Another Belgian style beer was next. From Easton, PA was Weyerbacher's Merry Monks (Belgian tripel, 9.3%) which I had definitely seen on the shelves of The Foodery, but never tasted before. This golden colored beer tasted strongly of fruit and reminded me of lambics. It tasted like fizzy fruit soda with alcohol dumped into it. After letting this sample sit and warm up for several minutes, it tasted much better. I very much advise drinking this one not straight out of the fridge.
Philadelphia's own Yards Love Stout (English stout/Oyster stout, 5% ABV) was the 8th beer of the night. This is a new favorite of mine. I bought a case of it for a party after many people telling me how great it was - they were all right. Apparently, Yards used to brew a special batch of Love Stout with actual oysters in it on Valentine's Day (as per the original recipe). We'll see if that tradition is kept up post split up of the company.
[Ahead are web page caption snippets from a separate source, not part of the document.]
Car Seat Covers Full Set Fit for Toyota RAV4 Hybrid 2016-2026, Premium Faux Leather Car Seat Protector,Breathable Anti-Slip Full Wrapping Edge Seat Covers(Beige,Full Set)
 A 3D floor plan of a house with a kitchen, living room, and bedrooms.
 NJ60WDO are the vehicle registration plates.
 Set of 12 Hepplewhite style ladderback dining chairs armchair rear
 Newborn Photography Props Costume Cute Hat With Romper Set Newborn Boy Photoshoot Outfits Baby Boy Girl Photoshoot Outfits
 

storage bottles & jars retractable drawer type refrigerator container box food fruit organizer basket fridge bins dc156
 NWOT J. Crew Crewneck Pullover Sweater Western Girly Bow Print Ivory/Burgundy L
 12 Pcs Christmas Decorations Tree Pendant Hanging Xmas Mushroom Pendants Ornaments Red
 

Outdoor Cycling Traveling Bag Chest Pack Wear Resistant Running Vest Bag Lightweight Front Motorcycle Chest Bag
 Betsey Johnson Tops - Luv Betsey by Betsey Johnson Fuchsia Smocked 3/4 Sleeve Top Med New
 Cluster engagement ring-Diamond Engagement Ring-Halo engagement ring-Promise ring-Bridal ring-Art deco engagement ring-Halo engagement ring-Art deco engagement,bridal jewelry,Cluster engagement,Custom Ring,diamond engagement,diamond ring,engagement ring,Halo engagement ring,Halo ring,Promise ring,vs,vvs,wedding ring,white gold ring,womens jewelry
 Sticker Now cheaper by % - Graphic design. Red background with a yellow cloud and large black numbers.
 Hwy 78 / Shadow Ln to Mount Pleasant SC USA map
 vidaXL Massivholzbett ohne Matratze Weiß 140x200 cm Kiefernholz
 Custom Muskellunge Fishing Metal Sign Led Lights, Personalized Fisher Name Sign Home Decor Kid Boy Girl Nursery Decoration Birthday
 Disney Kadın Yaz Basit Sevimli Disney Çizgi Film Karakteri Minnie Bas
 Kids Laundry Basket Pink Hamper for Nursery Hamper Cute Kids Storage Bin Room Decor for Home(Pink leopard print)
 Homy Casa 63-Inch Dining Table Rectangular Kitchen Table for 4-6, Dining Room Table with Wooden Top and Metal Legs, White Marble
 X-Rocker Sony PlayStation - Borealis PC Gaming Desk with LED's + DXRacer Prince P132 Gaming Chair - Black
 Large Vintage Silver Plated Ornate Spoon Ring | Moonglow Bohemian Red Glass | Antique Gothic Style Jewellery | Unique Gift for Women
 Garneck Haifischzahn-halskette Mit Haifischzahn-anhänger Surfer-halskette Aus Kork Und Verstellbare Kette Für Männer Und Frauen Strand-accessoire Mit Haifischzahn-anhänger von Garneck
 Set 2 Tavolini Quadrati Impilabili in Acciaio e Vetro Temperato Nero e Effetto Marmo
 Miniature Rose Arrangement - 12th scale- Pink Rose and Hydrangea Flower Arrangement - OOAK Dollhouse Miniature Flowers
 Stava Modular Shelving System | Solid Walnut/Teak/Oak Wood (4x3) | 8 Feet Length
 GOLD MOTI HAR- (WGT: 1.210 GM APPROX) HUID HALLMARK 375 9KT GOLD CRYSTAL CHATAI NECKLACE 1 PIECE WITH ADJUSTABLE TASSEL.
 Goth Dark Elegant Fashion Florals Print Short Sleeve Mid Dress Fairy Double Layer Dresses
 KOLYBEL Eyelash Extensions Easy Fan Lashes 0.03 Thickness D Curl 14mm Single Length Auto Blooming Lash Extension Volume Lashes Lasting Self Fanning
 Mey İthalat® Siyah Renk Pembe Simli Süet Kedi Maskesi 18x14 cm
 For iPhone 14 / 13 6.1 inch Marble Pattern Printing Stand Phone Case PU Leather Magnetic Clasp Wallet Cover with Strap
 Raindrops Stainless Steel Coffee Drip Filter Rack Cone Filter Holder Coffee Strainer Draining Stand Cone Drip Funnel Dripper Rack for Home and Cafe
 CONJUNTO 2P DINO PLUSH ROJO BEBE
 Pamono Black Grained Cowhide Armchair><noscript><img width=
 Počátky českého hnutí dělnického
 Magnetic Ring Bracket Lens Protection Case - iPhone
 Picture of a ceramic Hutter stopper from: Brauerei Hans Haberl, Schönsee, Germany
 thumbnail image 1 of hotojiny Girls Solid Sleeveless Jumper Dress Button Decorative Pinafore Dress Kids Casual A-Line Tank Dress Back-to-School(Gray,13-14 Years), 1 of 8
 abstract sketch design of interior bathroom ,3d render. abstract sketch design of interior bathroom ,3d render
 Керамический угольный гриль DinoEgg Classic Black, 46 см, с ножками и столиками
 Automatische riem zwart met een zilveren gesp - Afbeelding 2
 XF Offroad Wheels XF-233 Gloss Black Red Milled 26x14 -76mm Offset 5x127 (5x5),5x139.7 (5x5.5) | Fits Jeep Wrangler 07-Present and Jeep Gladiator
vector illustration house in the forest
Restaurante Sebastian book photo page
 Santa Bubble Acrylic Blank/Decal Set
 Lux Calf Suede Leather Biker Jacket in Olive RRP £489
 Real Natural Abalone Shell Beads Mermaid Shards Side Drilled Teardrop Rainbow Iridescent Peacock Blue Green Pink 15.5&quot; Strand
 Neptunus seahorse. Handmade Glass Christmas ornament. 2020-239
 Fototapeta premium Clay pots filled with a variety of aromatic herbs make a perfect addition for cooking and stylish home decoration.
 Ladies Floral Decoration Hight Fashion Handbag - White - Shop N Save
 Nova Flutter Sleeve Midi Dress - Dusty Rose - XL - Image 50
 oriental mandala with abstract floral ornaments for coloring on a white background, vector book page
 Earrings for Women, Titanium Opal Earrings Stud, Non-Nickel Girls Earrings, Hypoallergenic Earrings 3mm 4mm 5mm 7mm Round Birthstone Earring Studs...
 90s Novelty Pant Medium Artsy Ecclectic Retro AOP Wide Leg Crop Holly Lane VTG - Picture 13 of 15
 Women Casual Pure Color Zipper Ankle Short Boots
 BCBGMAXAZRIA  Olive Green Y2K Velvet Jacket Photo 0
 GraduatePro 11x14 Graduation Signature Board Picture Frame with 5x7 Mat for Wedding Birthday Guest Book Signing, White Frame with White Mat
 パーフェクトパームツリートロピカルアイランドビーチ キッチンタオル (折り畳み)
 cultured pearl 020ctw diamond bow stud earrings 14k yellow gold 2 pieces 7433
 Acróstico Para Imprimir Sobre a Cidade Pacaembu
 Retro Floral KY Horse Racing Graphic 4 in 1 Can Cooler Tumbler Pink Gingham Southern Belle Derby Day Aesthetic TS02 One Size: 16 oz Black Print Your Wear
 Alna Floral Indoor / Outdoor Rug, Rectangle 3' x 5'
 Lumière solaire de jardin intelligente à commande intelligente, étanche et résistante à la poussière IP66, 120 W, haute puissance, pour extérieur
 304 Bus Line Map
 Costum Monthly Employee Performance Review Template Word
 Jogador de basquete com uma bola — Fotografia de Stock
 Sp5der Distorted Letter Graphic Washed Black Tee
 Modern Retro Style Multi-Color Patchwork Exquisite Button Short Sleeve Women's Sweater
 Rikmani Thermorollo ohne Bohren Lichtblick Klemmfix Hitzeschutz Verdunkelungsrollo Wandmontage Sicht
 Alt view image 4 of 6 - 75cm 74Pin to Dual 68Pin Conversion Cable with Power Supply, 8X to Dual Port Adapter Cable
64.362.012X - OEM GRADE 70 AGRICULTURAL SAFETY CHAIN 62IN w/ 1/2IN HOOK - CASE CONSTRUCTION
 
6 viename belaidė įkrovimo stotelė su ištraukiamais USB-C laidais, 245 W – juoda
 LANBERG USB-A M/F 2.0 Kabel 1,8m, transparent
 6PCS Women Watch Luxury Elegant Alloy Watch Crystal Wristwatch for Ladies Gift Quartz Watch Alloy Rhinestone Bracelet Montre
Don mixed in a good deal of history during the course of the night. He told us that home brewing was outlawed during Prohibition and reinstated only during the Carter administration. It was then that the craft brewing in America took off. Sam Adams (est. 1984) is the largest of the craft breweries and their selection of 26 beers yields a deep bench. Apparently Yuengling is right around the same size, but very much lacking in the imagination the team at Sam Adams has.
The big 10 ended up being my favorite beer of the night and the first beer by Victory I actually liked: Baltic Thunder (Baltic porter, 8.5% ABV). It had a good deal of chocolate and fruit to it and apparently made with lager yeast, but brewed in the ale method. This 22oz. bottle was from the first bottling of the run and apparently took the blending of 3 different brews to make this one. Don noted that the final incarnation of the beer would taste very different from this one and he hoped that it would stay as close to true to this bottling as possible.
The final beer of the night was another offering from Dogfish Head: Aprihop (Fruit beer, 7% ABV). Like the name implies, it's a hoppy beer with a heavy apricot flavoring. It seemed to be above average in carbonation. The incredible apricot flavoring takes some getting used to, but it mellows out after a few sips.
I chimed in with a question as to why the breweries disappeared from Philly. I knew that Philadelphia was the brewing capital of America for sometime, but didn't understand how/why all the breweries went away. Don said that there were once about 85 breweries in town. But it was Prohibition that did them in. After Prohibition, production moved to large-scale output factories. Philadelphia's breweries simply couldn't match the output of cities like Milwaukee and St. Louis.
After everything was over, I said hello to Don and bought a copy of his book which he graciously signed for me. He also kindly sat down for a shot with all the beers sampled during the class (minus the Scarlet Lady and Love Stout which were totally cleared from the room at that point). Thank you Don.
If you're into beer or want to get more into beer, I highly recommend this class. The April 22 class seems to still have room!